## Directions
From the records below, output exactly the lines running from the line containing "Panorama of mountain" through the line containing "A clay pot with", and no others.
━━━━━ Data section ━━━━━
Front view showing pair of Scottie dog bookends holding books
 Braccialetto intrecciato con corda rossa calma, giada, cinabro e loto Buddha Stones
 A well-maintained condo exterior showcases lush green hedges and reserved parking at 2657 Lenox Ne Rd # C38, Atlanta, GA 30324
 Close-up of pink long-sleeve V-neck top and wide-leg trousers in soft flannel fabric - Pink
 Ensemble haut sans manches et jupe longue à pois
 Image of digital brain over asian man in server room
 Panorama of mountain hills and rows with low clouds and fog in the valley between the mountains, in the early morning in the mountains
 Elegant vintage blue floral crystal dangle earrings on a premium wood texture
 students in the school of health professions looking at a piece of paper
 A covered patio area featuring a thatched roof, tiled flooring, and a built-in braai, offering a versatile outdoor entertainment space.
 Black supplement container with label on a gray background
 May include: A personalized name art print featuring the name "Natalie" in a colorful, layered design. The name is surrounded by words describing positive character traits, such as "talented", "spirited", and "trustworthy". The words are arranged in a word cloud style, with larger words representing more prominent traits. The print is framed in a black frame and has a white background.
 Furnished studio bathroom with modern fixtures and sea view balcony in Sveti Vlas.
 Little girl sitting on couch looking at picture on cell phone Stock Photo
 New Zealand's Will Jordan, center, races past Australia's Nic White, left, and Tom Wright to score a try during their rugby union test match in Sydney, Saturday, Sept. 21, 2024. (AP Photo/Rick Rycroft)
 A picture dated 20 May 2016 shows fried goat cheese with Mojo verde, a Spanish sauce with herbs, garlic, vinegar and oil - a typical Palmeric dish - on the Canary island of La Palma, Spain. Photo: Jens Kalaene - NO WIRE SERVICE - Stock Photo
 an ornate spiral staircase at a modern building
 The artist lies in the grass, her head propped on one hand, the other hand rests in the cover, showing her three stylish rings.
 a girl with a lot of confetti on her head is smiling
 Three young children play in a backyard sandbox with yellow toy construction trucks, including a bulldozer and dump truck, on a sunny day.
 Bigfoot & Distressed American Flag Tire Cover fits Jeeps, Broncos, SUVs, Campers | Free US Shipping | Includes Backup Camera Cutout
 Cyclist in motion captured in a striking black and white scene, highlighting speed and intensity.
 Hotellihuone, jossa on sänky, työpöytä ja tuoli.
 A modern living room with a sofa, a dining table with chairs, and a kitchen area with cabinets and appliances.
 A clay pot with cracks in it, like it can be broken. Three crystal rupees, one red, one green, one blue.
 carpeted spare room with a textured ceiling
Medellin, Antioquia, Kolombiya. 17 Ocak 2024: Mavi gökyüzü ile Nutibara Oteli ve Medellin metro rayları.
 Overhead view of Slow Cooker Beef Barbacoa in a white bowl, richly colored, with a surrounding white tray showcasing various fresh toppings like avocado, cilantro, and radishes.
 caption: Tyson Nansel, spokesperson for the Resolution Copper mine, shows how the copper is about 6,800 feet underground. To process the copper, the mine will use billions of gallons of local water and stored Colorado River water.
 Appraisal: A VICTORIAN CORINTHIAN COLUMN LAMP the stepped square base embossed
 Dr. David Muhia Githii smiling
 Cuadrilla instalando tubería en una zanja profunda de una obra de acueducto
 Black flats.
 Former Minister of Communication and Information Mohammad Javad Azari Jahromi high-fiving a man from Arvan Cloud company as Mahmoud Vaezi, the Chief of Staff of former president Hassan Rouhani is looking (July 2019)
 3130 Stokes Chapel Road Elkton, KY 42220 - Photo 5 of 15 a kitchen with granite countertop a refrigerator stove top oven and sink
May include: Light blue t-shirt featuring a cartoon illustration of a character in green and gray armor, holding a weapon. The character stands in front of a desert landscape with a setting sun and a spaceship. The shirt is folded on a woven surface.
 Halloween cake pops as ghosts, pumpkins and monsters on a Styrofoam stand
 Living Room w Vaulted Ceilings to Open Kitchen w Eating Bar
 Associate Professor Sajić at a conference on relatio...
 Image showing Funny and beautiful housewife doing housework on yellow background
━━━━━
## Expected answer
 Panorama of mountain hills and rows with low clouds and fog in the valley between the mountains, in the early morning in the mountains
 Elegant vintage blue floral crystal dangle earrings on a premium wood texture
 students in the school of health professions looking at a piece of paper
 A covered patio area featuring a thatched roof, tiled flooring, and a built-in braai, offering a versatile outdoor entertainment space.
 Black supplement container with label on a gray background
 May include: A personalized name art print featuring the name "Natalie" in a colorful, layered design. The name is surrounded by words describing positive character traits, such as "talented", "spirited", and "trustworthy". The words are arranged in a word cloud style, with larger words representing more prominent traits. The print is framed in a black frame and has a white background.
 Furnished studio bathroom with modern fixtures and sea view balcony in Sveti Vlas.
 Little girl sitting on couch looking at picture on cell phone Stock Photo
 New Zealand's Will Jordan, center, races past Australia's Nic White, left, and Tom Wright to score a try during their rugby union test match in Sydney, Saturday, Sept. 21, 2024. (AP Photo/Rick Rycroft)
 A picture dated 20 May 2016 shows fried goat cheese with Mojo verde, a Spanish sauce with herbs, garlic, vinegar and oil - a typical Palmeric dish - on the Canary island of La Palma, Spain. Photo: Jens Kalaene - NO WIRE SERVICE - Stock Photo
 an ornate spiral staircase at a modern building
 The artist lies in the grass, her head propped on one hand, the other hand rests in the cover, showing her three stylish rings.
 a girl with a lot of confetti on her head is smiling
 Three young children play in a backyard sandbox with yellow toy construction trucks, including a bulldozer and dump truck, on a sunny day.
 Bigfoot & Distressed American Flag Tire Cover fits Jeeps, Broncos, SUVs, Campers | Free US Shipping | Includes Backup Camera Cutout
 Cyclist in motion captured in a striking black and white scene, highlighting speed and intensity.
 Hotellihuone, jossa on sänky, työpöytä ja tuoli.
 A modern living room with a sofa, a dining table with chairs, and a kitchen area with cabinets and appliances.
 A clay pot with cracks in it, like it can be broken. Three crystal rupees, one red, one green, one blue.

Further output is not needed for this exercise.